## [EXERCISE]
Could you please output only the lines from the one holding "Clos de Tart 2014 Clos de Tart 2014" through the end of the listing below, exactly as written and without pictures?

## [RECORDED INFORMATION]
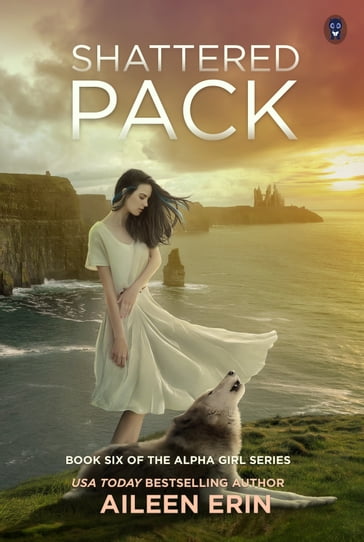 Shattered Pack - Aileen Erin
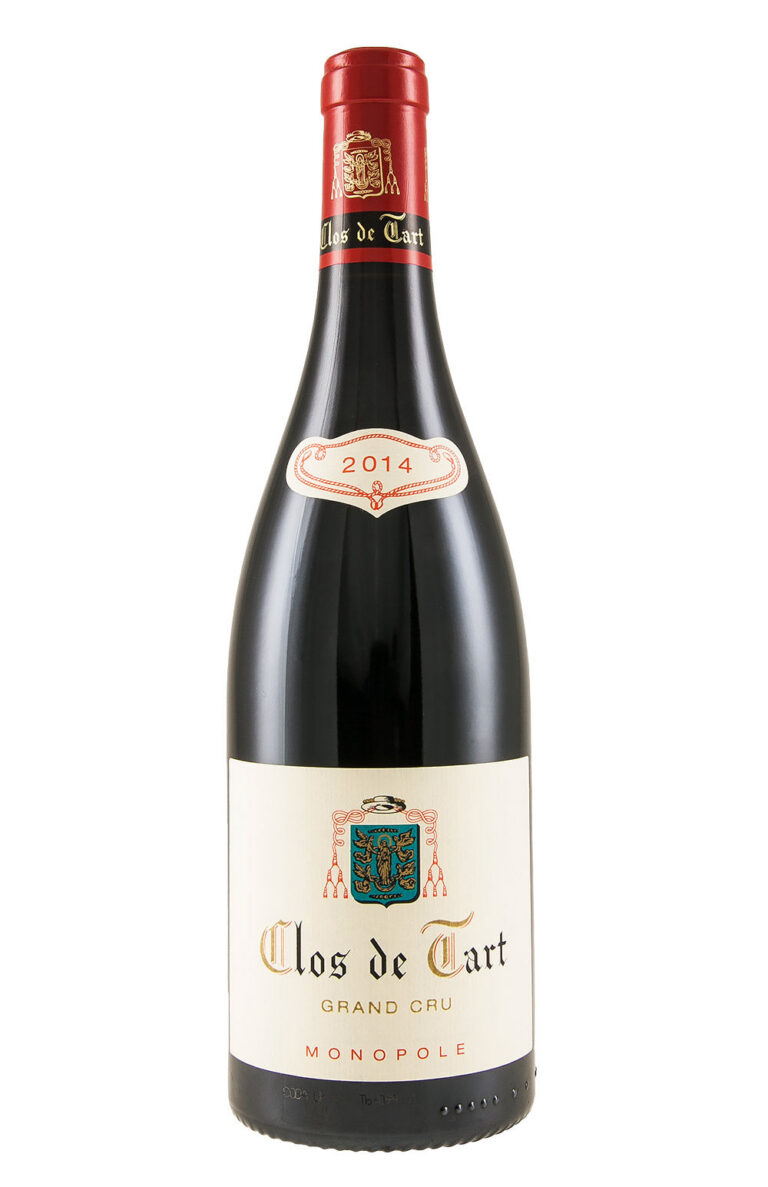 Clos de Tart 2014 Clos de Tart 2014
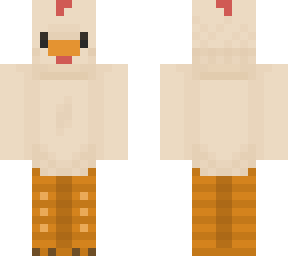 random edited skin :d (not mine)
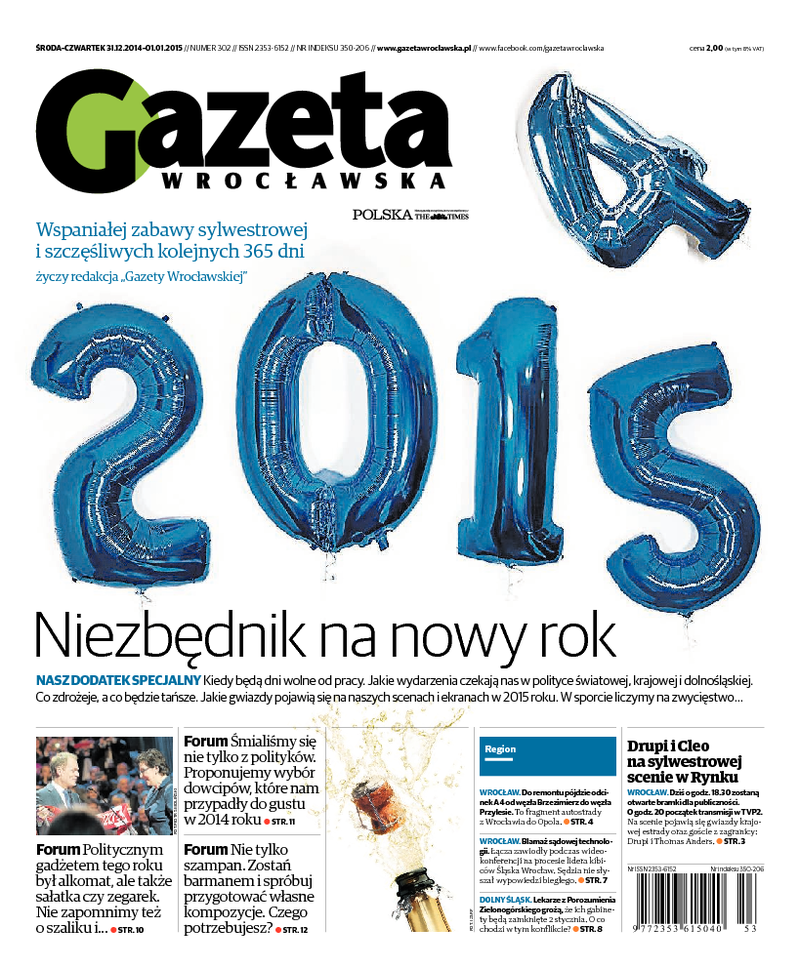 Gazeta Wrocławska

## [RESPONSE AREA]
 Clos de Tart 2014 Clos de Tart 2014
 random edited skin :d (not mine)
 Gazeta Wrocławska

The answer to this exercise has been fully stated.